---------- EXERCISE INPUTS
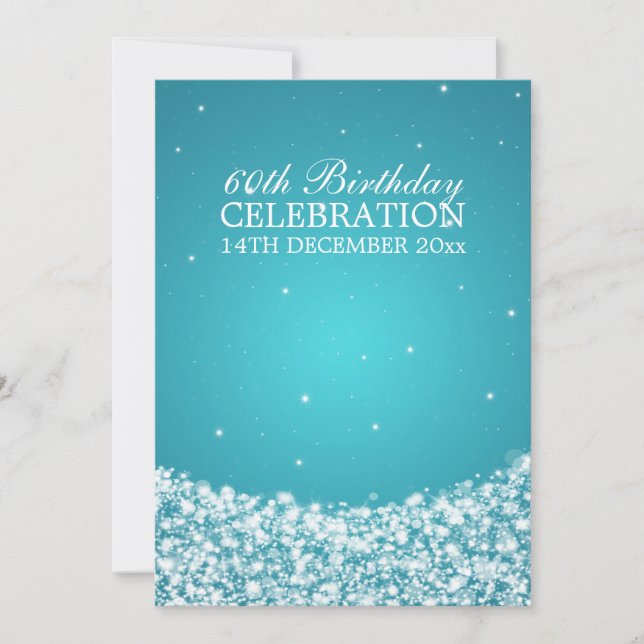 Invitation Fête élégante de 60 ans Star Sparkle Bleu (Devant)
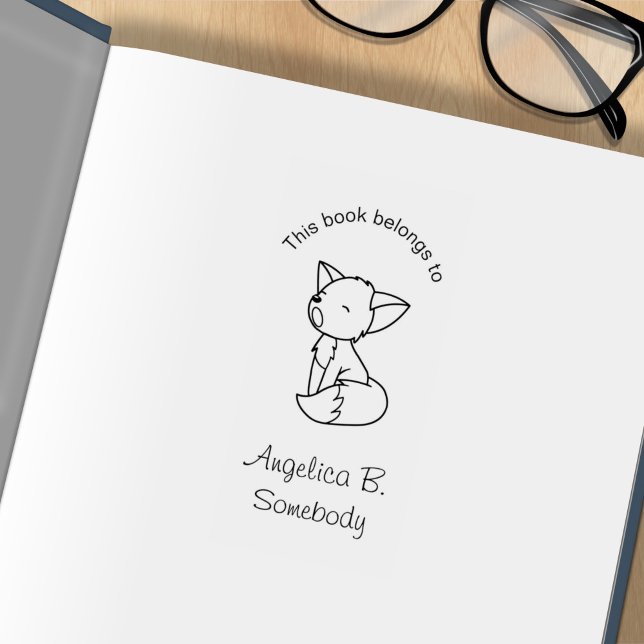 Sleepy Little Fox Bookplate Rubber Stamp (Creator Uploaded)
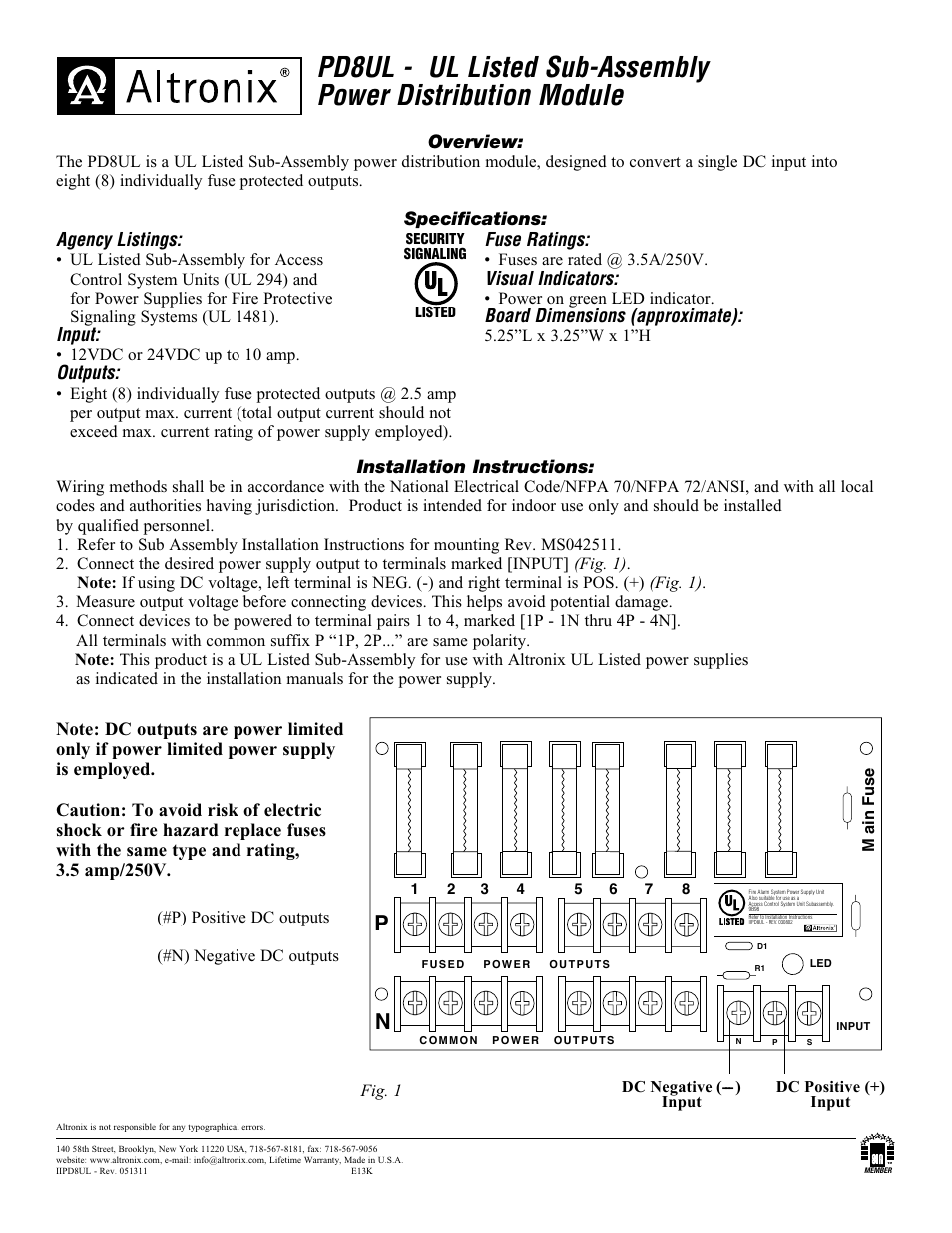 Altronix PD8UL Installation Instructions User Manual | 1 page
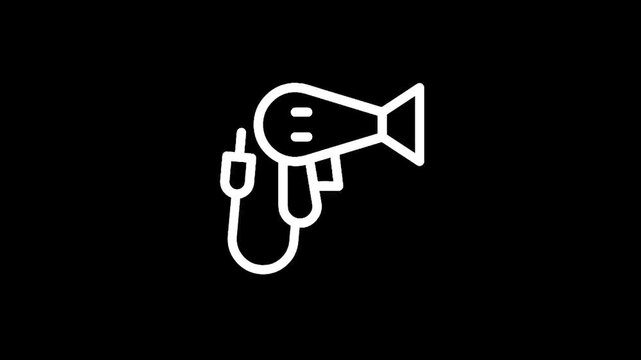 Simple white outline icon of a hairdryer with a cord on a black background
--------------------
---------- EXERCISE INPUTS
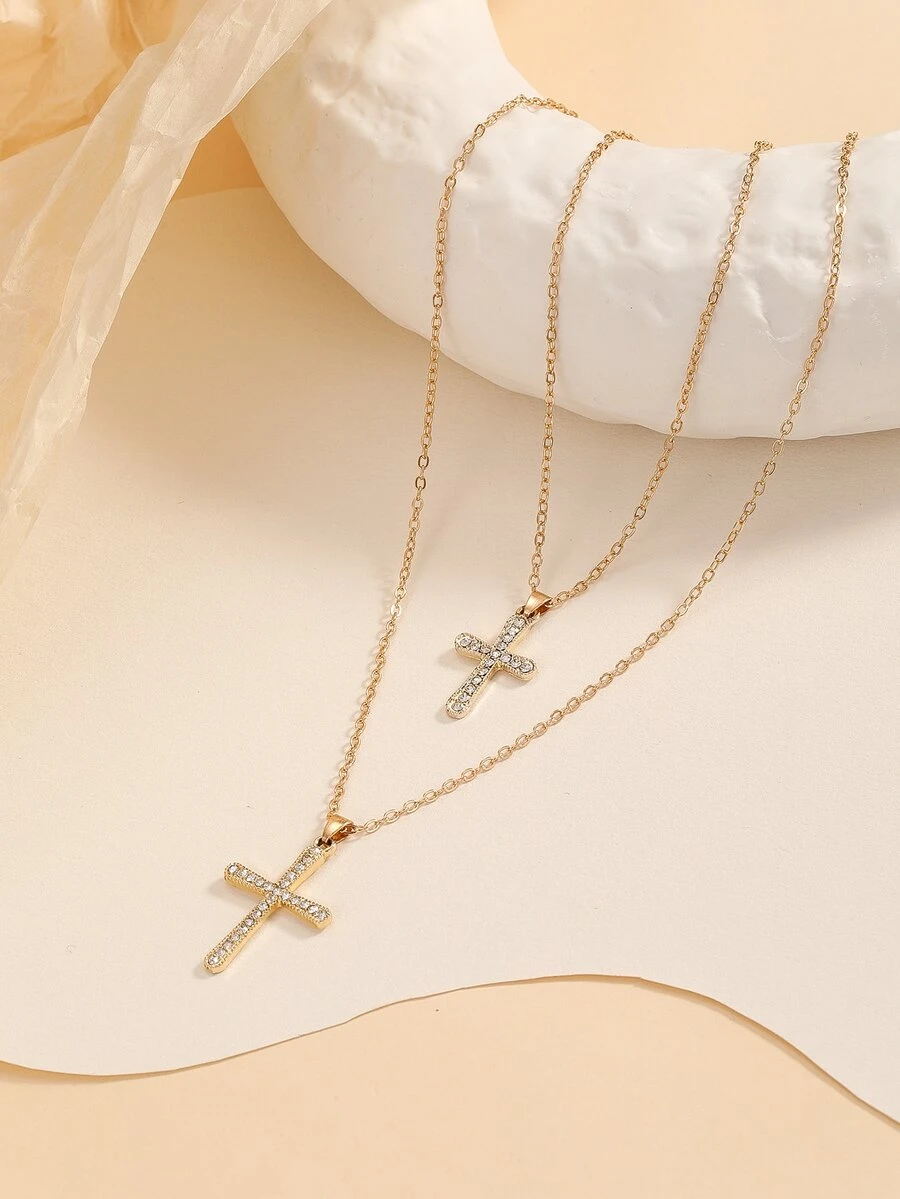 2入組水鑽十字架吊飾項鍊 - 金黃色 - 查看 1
--------------------
---------- EXERCISE INPUTS
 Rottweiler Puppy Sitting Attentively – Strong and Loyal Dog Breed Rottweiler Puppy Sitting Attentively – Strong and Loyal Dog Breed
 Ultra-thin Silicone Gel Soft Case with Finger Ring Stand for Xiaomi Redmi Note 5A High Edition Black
--------------------
Only the lines above from the one with "Invitation Fête élégante" to the one with "Simple white outline" should be printed, both included and exactly as written; no picture belongs in the copy.

 Invitation Fête élégante de 60 ans Star Sparkle Bleu (Devant)
 Sleepy Little Fox Bookplate Rubber Stamp (Creator Uploaded)
 Altronix PD8UL Installation Instructions User Manual | 1 page
 Simple white outline icon of a hairdryer with a cord on a black background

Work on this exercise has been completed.